Dezarrois ce soir, sur le même sujet, me dit la même chose. Ce n'était pourtant pas à moi à demander à mes amis d'écrire sur ma personne.

Martzloff m'avait fait dire qu'il viendrait probablement avec le préfet. Visite en vitesse. Ils sont restés cinq minutes, mais Martzloff et Lebret reviendront.

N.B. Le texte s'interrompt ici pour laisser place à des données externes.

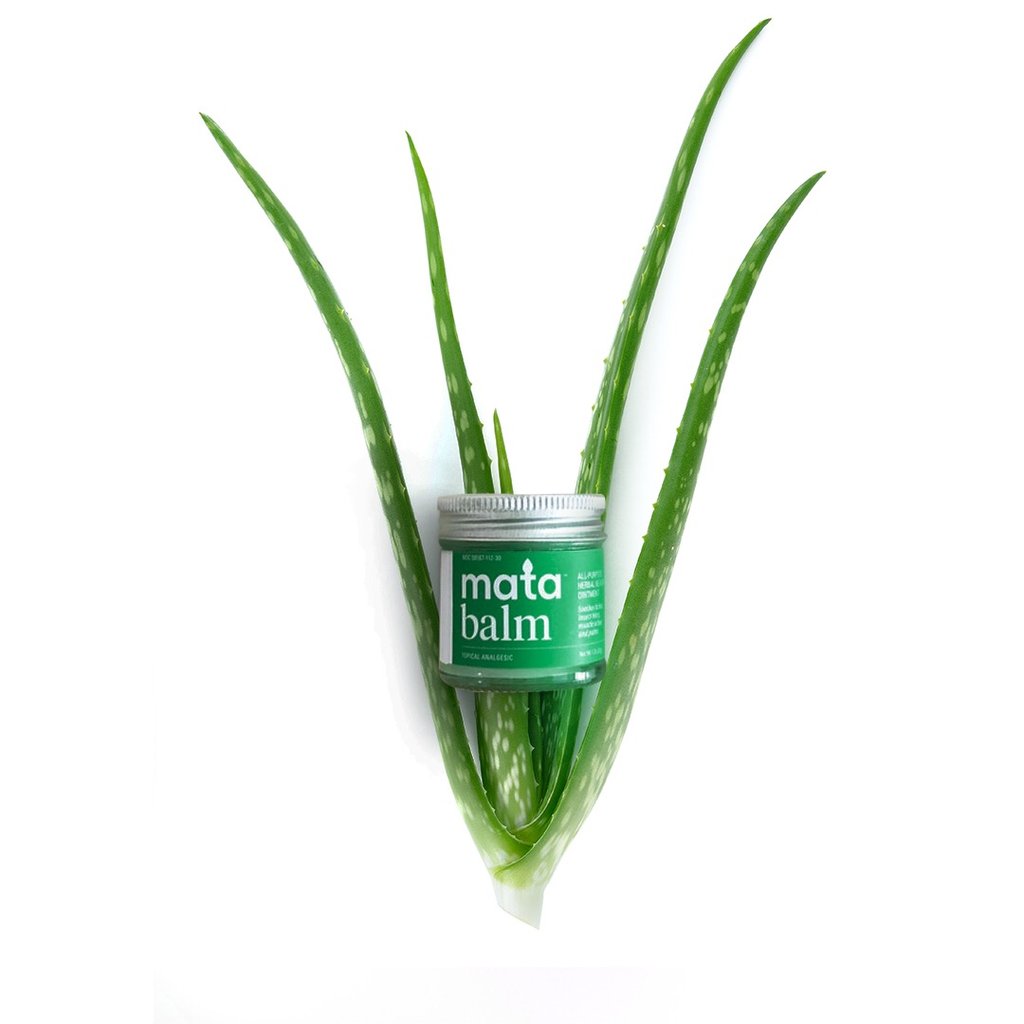 Luxurious Massage and Skin Healing Balm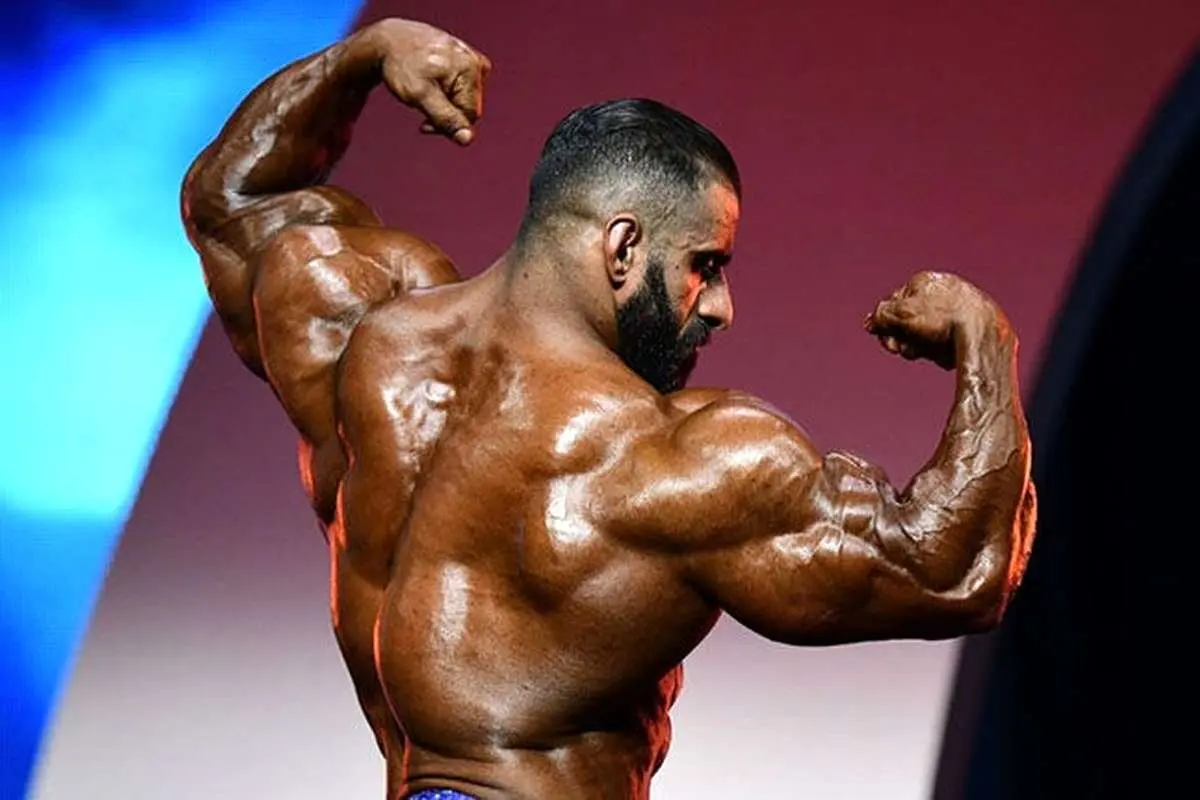 (ویدیو) استقبال گرم از هادی چوپان در آمریکا سوژه رسانه ها!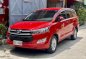 Selling Red Toyota Innova 2021 in Makati-0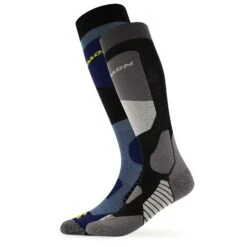 Salomon - S/Access 2-Pack - Ski Socks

Fini ma journée aux Artistes décorateurs, à la plus grotesque séance qu'il soit possible d'imaginer. Ces malins ont eu l'idée d'organiser des séances de flagornerie, une pour les sénateurs écrivains, une pour les députés idem, une troisième pour les conseillers municipaux idem. Alors il y avait un type qui faisait d'abord un petit topo sur le sénateur, c'était la séance des pères conscrits, dont on allait lire ensuite un fragment d'œuvre. On nous disait : M. le sénateur X, a eu le second prix de grammaire en telle classe, le prix de calcul en telle autre, etc. Ainsi défilèrent devant nous Caillaux, [Paul-]Boncour, etc. Bérenger. C'est pour lui que j'étais venu. Il était un peu irrité, car c'est un homme intelligent, et n'était pas sans avoir saisi le ridicule de cette flatterie dénuée d'artifice.

7 [juin 1932]

Buste Louis Bréguet terminé. Il est bien. Rendez-vous avec la maison Lemoncé pour l'appareillage des pierres des fontaines[12]. Ils m'apportent un calepin brutal comme pour une maison en construction. Ils s'étonnent encore une fois de l'importance du travail. Comme je leur reprochais encore une fois de ne pas être venus se renseigner auprès de moi avant d'établir leurs prix, ils prétendent n'avoir pas su que c'était moi qui faisait la sculpture et n'avoir même appris qu'indirectement le nom des architectes. C'est d'ailleurs faux. Ces indications leurs ont été données à eux comme aux autres adjudicataires.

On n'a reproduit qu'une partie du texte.